TASK OBJECTIVE:
Would you return exactly the lines below from the line with "Picture of PLUMERIA" through the line with "Fjällsippor i Rago nationalpark, Norge.", both included, and nothing else, leaving out the pictures?

RECORDS TO USE:
===============

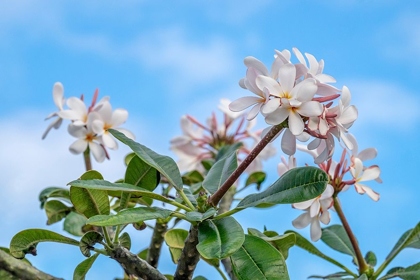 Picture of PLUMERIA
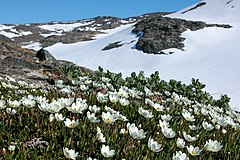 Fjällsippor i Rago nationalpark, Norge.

===============

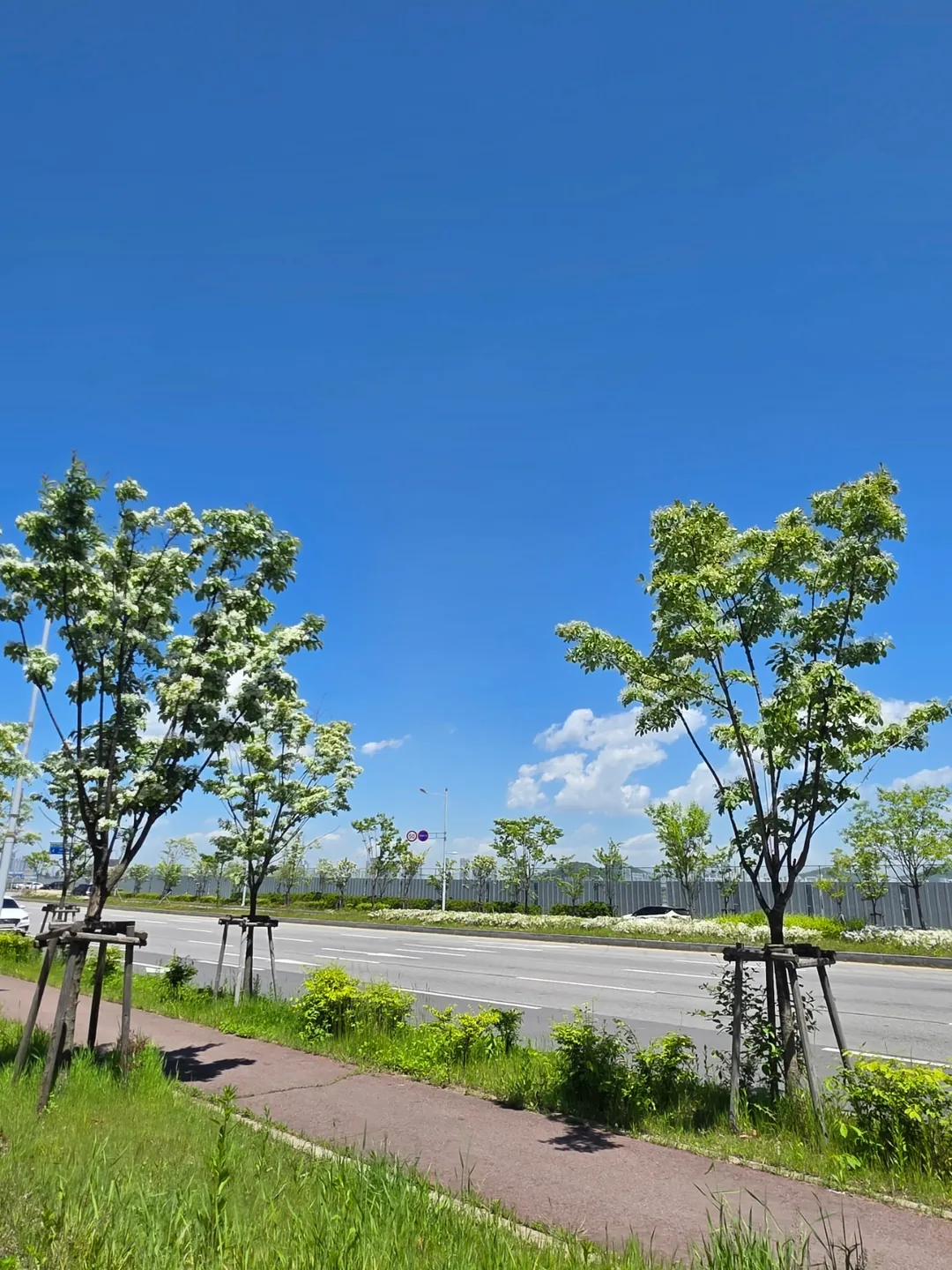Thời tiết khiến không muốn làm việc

===============

ANSWER TO THE PROBLEM:
 Picture of PLUMERIA
 Fjällsippor i Rago nationalpark, Norge.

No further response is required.